• _Records for this exercise_:
□ □ □ □ □ □ □
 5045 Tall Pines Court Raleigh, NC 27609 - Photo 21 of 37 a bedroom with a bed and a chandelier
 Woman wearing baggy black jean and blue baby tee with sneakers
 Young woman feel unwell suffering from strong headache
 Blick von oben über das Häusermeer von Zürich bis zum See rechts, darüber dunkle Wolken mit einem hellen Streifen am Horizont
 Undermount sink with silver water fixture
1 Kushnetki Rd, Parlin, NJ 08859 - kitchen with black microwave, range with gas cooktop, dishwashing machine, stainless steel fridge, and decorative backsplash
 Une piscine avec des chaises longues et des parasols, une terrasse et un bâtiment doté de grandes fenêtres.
□ □ □ □ □ □ □
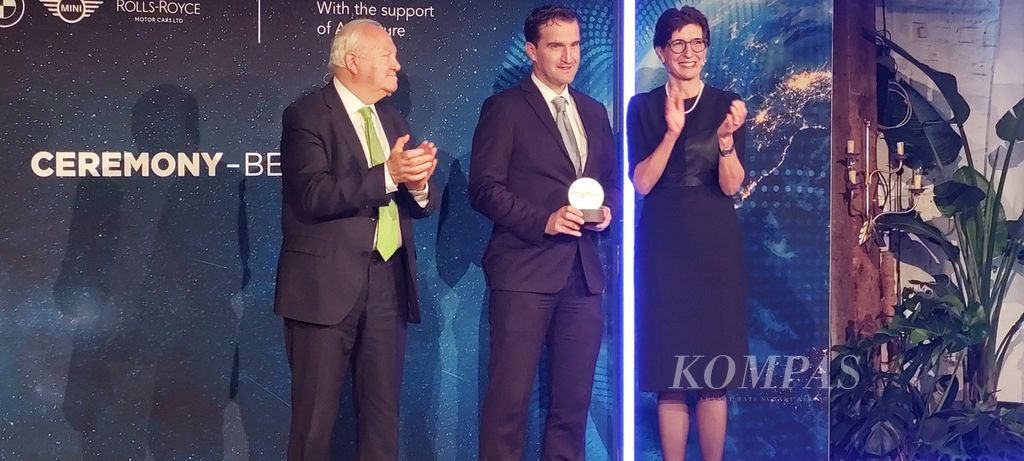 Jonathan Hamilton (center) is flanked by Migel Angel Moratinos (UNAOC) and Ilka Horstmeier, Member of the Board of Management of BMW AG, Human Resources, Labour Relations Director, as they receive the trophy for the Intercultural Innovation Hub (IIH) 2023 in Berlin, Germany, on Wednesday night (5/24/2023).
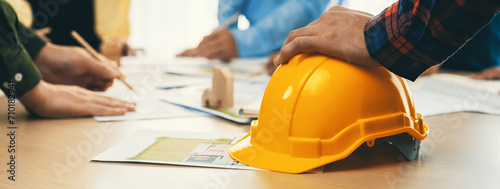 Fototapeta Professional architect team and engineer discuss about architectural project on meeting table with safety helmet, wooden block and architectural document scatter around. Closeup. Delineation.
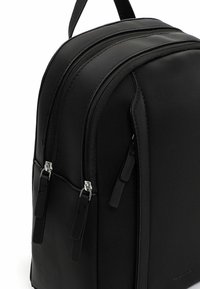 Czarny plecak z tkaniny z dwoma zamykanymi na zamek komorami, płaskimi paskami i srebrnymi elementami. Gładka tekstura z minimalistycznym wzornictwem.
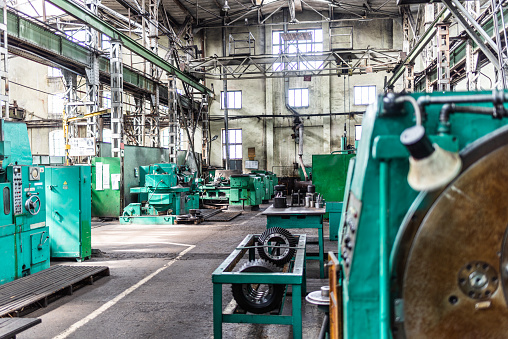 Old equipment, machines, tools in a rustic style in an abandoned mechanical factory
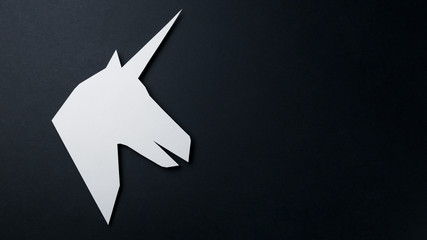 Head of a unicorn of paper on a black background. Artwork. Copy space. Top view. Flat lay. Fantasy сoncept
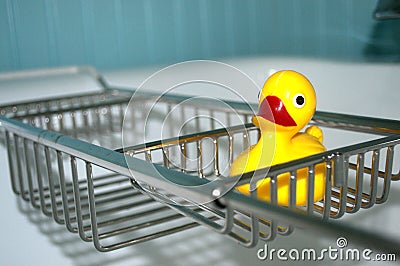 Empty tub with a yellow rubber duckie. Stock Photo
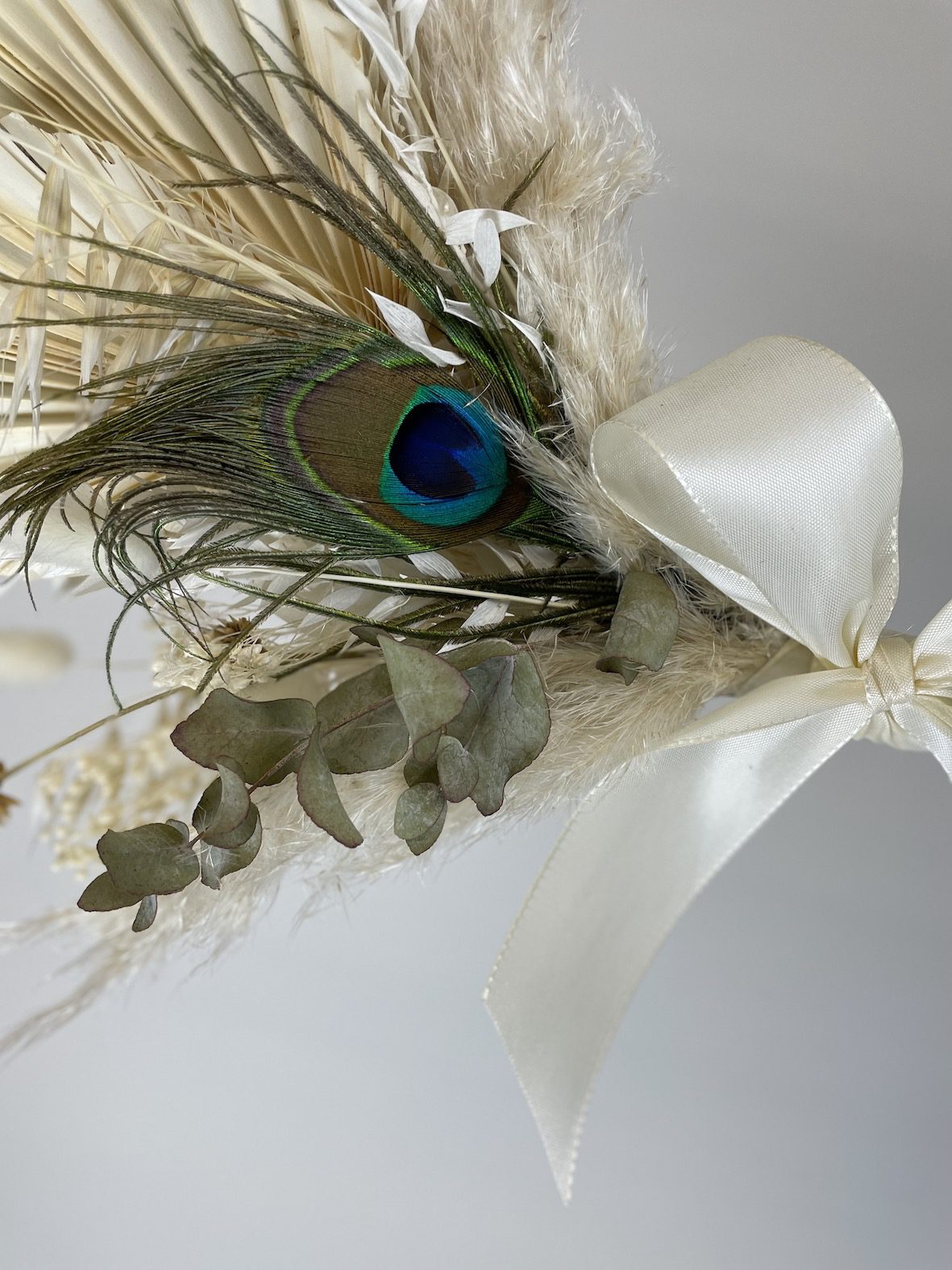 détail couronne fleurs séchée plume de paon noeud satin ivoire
□ □ □ □ □ □ □
• _Instructions to follow_: Using the data above, which lines fall from the one with "Czarny plecak z" through the one with "détail couronne fleurs"? Repeat them exactly, ends included, minus any pictures.

• _Final answer_:
 Czarny plecak z tkaniny z dwoma zamykanymi na zamek komorami, płaskimi paskami i srebrnymi elementami. Gładka tekstura z minimalistycznym wzornictwem.
 Old equipment, machines, tools in a rustic style in an abandoned mechanical factory
 Head of a unicorn of paper on a black background. Artwork. Copy space. Top view. Flat lay. Fantasy сoncept
 Empty tub with a yellow rubber duckie. Stock Photo
 détail couronne fleurs séchée plume de paon noeud satin ivoire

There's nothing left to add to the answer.